Based on discussions with @weefuzzy, @tremblap, and @tedmoore both on the forum and geekouts is this idea of trying to boil down the data to a small amount of useful and descriptive data points.

Among the techniques discussed so far are using PCA/SVM to determine which descriptors in a dataset represent the most variance, comparing standardized/normalized MFCCs vs raw (as per @weefuzzy’s suggestion) to see if there is “noise” in the higher coefficients, or just qualitatively poking/listening to the clustering after each step of plotting.

Some of these are quite useful, and others I’m going to play with a bit more, but I want to know if there’s a better (automatic/automagic/programatic) way to go about verifying the data.

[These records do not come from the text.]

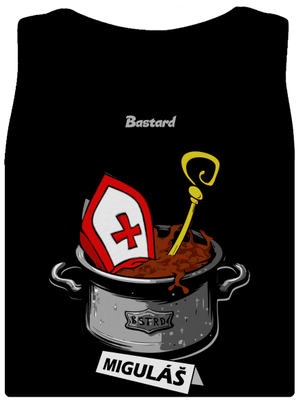 Miguláš dámské tílko klasické Black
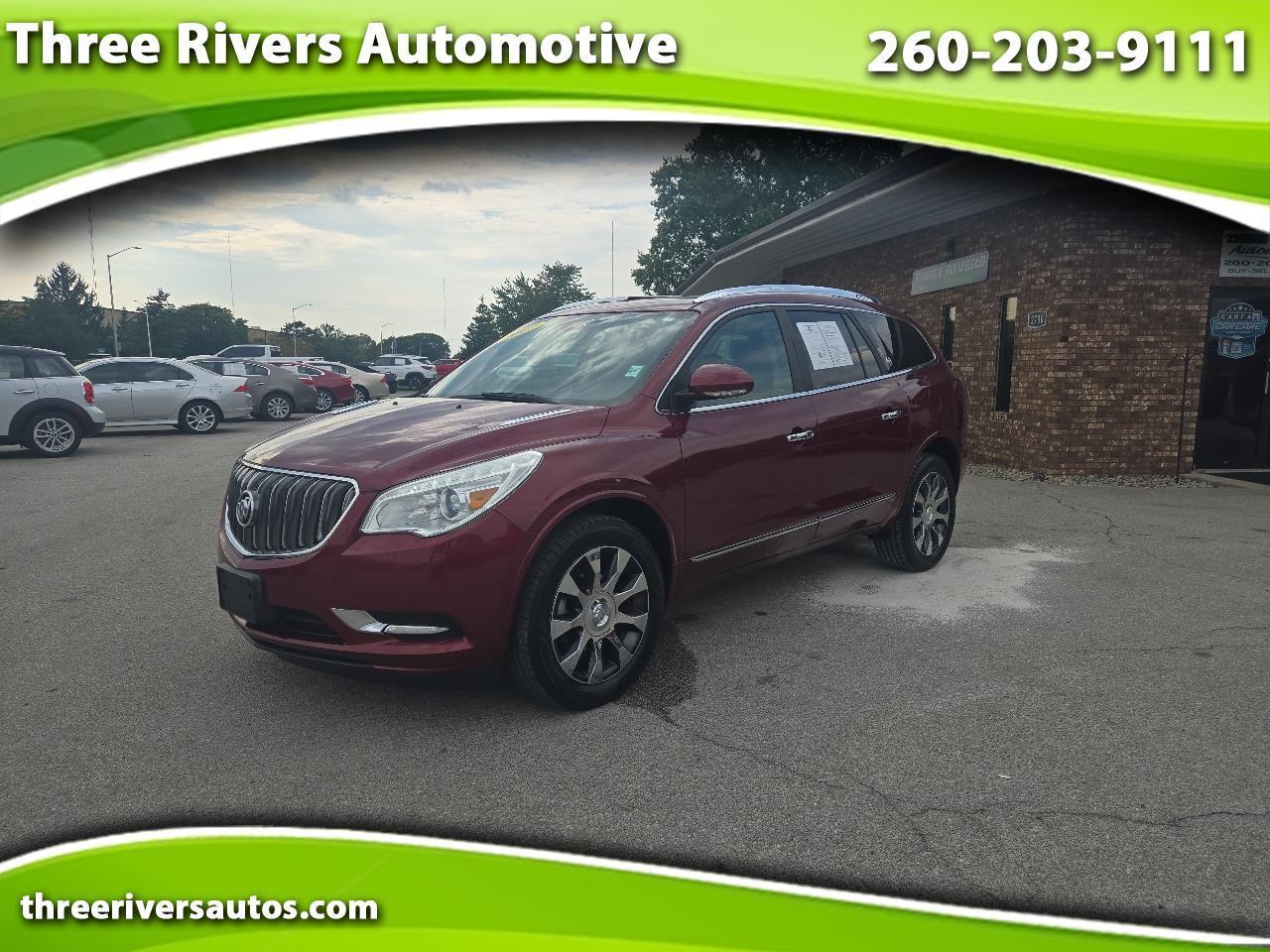 2017 Buick Enclave LEATHER
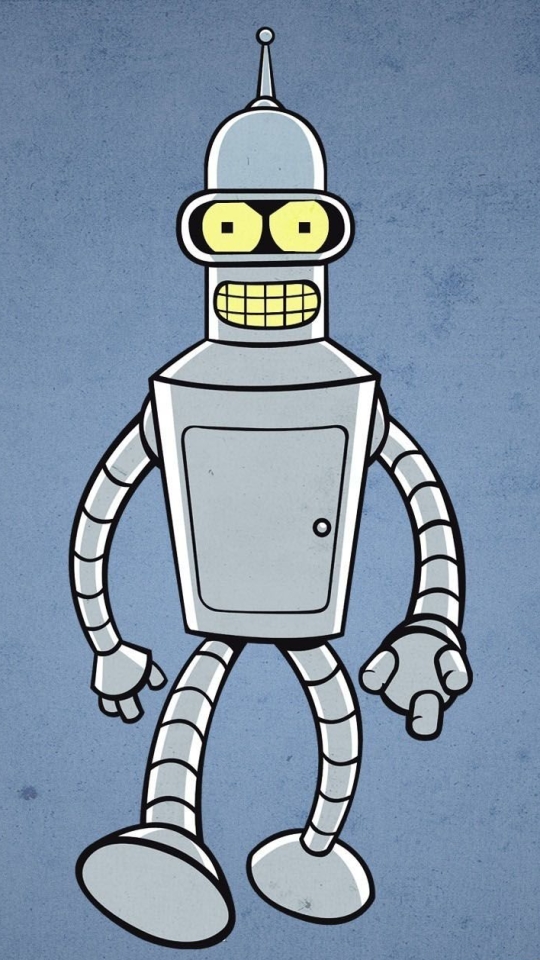 Скачать картинку Робот, Футурама, Телешоу, Бендер (Футурама) в телефон бесплатно.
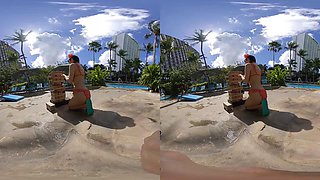 Whats the Code?: Big Tits, Amateur  Babe VR Porn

Up to this point, my understanding of the working paradigm is to “shove a bunch of stuff in” and then let The Algorithm™ (be it PCA, UMAP, MLP, etc…) “find the important stuff” for you. And that has worked up to a point. But now there’s differences between amount of MFCC coefficients, including/grouping/scaling different descriptors, amounts of “noise” being introduced at various steps of the process, etc… that kind of complicate approach of collecting a ton of stuff and letting it get sorted out.

So what are some other approaches and/or workflows for optimizing stuff like this? (short of manually testing every permutation, which can be tedious, slow, and ineffective).